I think there needs to be some clarification about what NAPOT Revision 2 is, and what it is not. NAPOT 2 is not about the individual modification of synapses on the receiving dendrite (or the basal dendrite) and how that relates to potassium, calcium, the Plateau Phase of the action potential duration, and neurotransmitter release. All of that is in NAPOT Revision 1. Instead NAPOT 2 is specifically about the individual synaptic upregulation & downregulation on the exit terminal branches or the Apical Dendrite in the large Pyramidal Cell (referring to Layer 5) STEMMING from receptors & dendritic computations in the Basal Dendrites resulting from sensory inputs to Layer 1.
In short the metaphor I am imagining as a thought experiment is that the Basal Dendrite is a keyboard, whose keys are being pressed at the bottom in layer 1, and typing on that keyboard results in setting up the characters for printing press, putting the letters into place in another section which is layer 5 where the exit terminal or Apical Dendrite is located. When the action potential fires, the message encoded in the printing press of the Apical Dendrite in Layer 5 is printed. The Action Potential is the print function, and the code that is printed is encoded in the EPSP & IPSP of the Exit Terminal (the Apical Dendrite) is what ends up being sent downwards to the Layer 1
Whereas in NAPOT Whitepaper Draft 3 I wasn't sure, or clear on, what was exactly happening to individual synapses in the exit terminal. The conventional idea tossed around is that somehow when the Action Potential fires it transmits an identical signal down all the paths of its exit terminal. Sort of like dividing up the electrical charge of the AP event to each of it's branches. This conceptualization sort of leaves the granularity of computation to either the receiving dendrite with its receptors, or to the neural network at a large scale so that patterns can emergent among many neurons. This is also combined with the conventional idea that the all or none action potential represents a 1 or a 0. NAPOT was addressing that by arguing that because of variation ADP Action Potential Duration there were variation magnitudes of neurotransmitters released with each action potential. NAPOT revision 2 is essentially saying the varying levels of magnitudes of neurotransmitters released happen on a per synapse basis in the exit terminal (or Apical Dendrite) and that means that the pattern a neuron transmits to its exit terminal array (the other neurons) is even more precise. Containing an individual quantity of neurotransmitter release per synapse, and this makes a lot of sense because neurons can release more than one type of neurotransmitter, a distinction that only matters if it is actually used to transmit distinct signals at distinct times.

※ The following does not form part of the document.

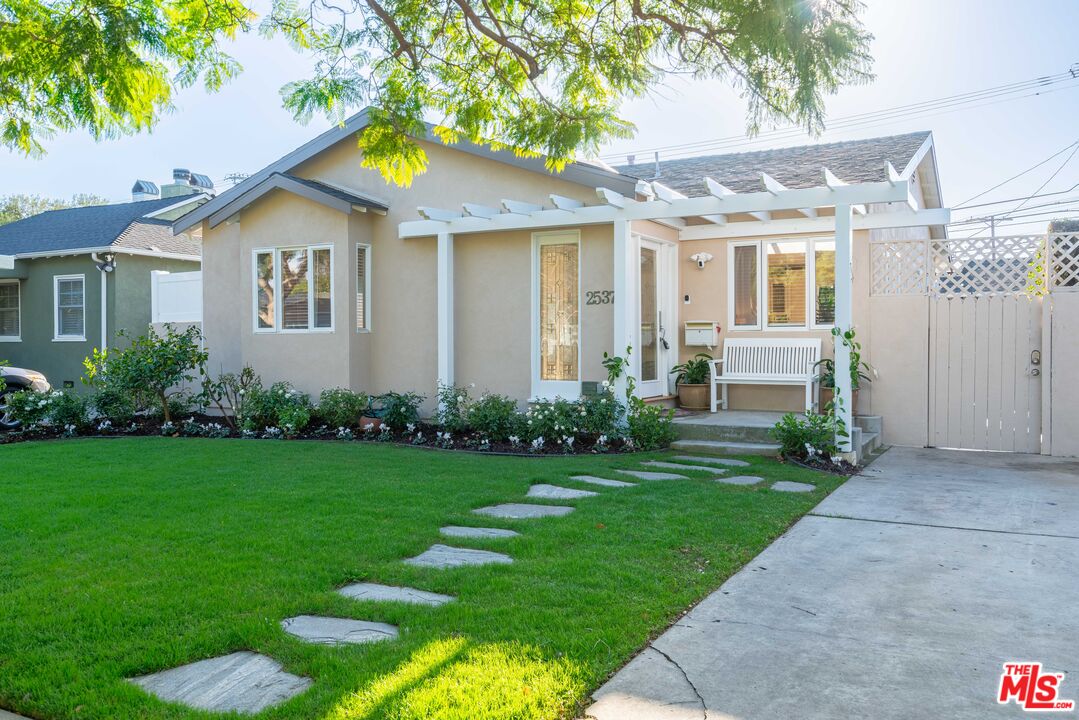 a front view of a house with a garden and plants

Essential to the arguement in NAPOT Revision 2 is that the oscillatory & cyclic activity of individual synaptic patterns in the Apical Dendrites with looping activity that involves the Thalamus is allowing the human brain to do Tomography on itself. Consciousness arises in the Feedback loops of our pyramidal cell networks because models of reality are looping in time, rendered in spacetime in the brain, and detected by the brain allowing the brain to do tomography on it's own rendered patterns. The human brain does imaging on itself with oscillatory tomography.
Someone messaged me saying "Neural array projection and oscillating topography seems to be a merger of neural projection and thalamic rhythms."
The tomography part of NAPOT is how the brain takes patterns that are detected & projected by individual cells and united or renders them into a single pattern with brainwave oscillations.
NAPOT Introduces the concept of computational rendering to neuroscience. NAPOT argues that your brain is doing distributed rendering & distributed observation (detection of rendered patterns) across the whole brain. Allowing our models of reality to oscillate virtually in space & time within the looping grids of brain cells.
NAPOT solves the how phenominological consciousness works, how you experience the color red. Red is a phase wave differential pattern, different from the tonic oscillation, so it's a physical contrast to your mind which is also a phase wave pattern. The phase wave of the experience of red as you experience it is rendered by cells in your brain that other brain cells are detecting. This process of pattern rendering & pattern detection is looping for a sustained period of time, and that is the human experience of redness defined.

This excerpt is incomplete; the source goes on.